How could God command genocide?
Why does God endorse slavery?
God is a sexist monster, isn’t he?
These are the sorts of questions that frequently come up in discussions about the Bible, whether those discussions are with skeptics or sincere Christians working through the Bible for the first time. Such questions have always been there, the first Christians had to spend much time, and spilled much ink, seeking to answer them. But it seems such questions are becoming continuously louder in our culture as more people move away from faith. At the most extreme, the fact that God in the Old Testament commands such barbaric actions is proof such God, any God, does not exist.
I think this question is much more challenging then issues related to science, for example. Whether Darwinian evolution is true or not seems, to me, irrelevant to the question of God’s existence. But a God who commands the extermination of whole people groups or institutes laws that make women second class citizens? Such a God as portrayed in the Bible makes us question the validity of the Bible and its God.

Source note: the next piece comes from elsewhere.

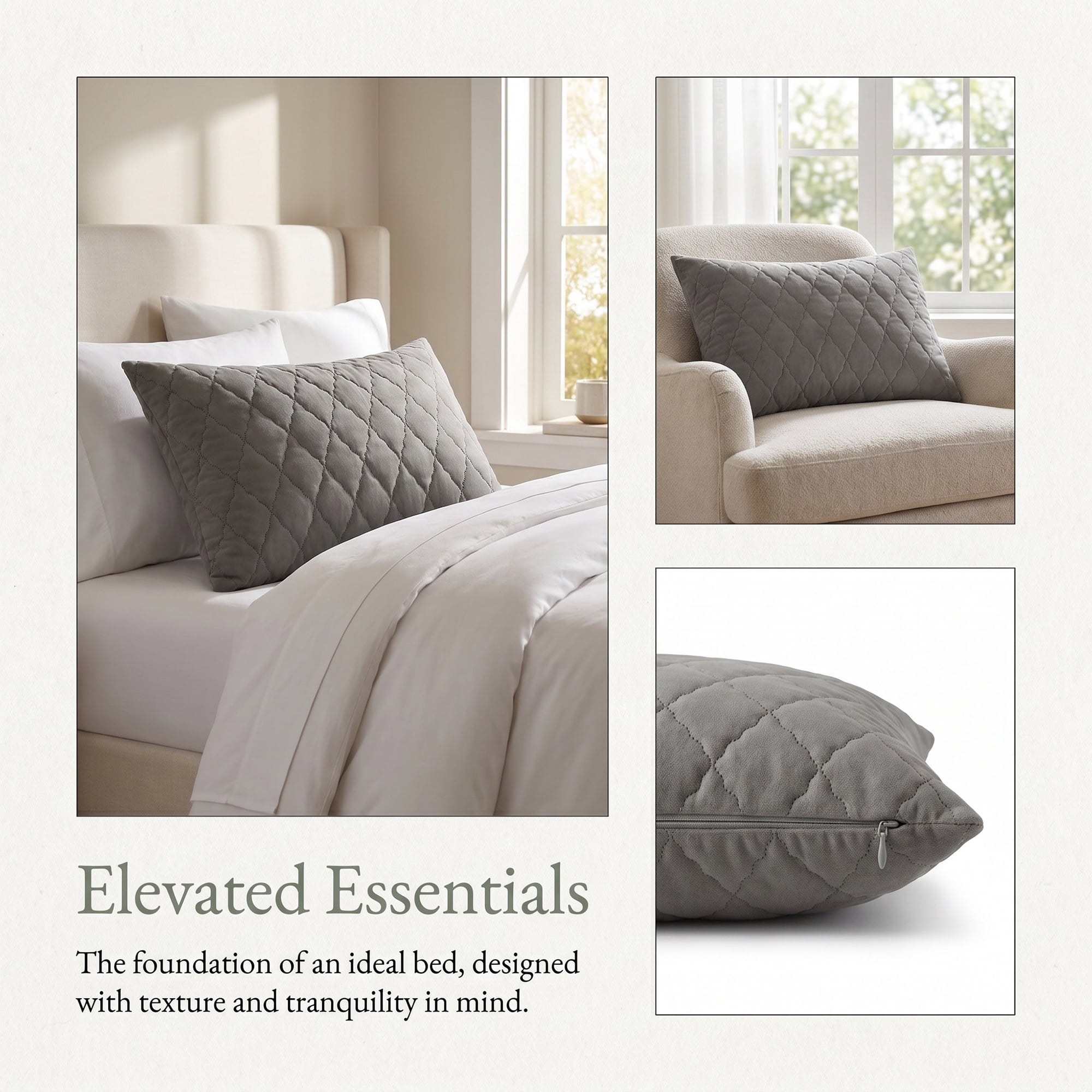 Unique Bargains Breathable Hypoallergenic Envelope Pillow Protectors Jumbo Dark Gray 20" x 28"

That said, there are many great books out there that provide answers to these questions. I think “answers” is better then “answer” because the seriousness of these questions shows there is no easy answer that simply takes all questions away. This is one thing I most appreciated about David Lamb’s book God Behaving Badly – he takes the question seriously and though he offers many answers, in the end he admits this remains a difficult issue. Lamb’s book tackles many of the common questions such books address, such as the genocide of the Canaanites and the apparent sexism of the Old Testament God. But he goes on to address other issues, such as whether God is near or distant, which are not always addressed.
There are a lot of books out there on this subject. Lamb’s is a welcome addition and a must-read for any who have questions on these topics.
The only problem I found in the book is when Lamb refers to another scholar, Eric Seibert. Apparently Seibert argued that if the Bible says God committed such atrocities we can simply say God did not do such things for the God revealed in Jesus would not do such things. I have not read Seibert, but his argument reminded me of Peter Enns whose recent book I did read. Lamb says he is not comfortable with “rejecting” the Old Testament accounts. This does not seem fair of Enns (or Seibert) for I do not think they would say they are rejecting anything. Reinterpreting? Yes. Enns emphasizes the human aspect and says that God wants such stories in scripture even if they portray him wrongly. A minor issue to be sure, but it seemed to misrepresent those who hold such positions.
Finally, If you are interested in this topic, definitely check out Peter Enns’ recent book that takes a slightly different take on the issue – The Bible Tells Me So: How Defending the Bible Has Made Us Unable to Read it.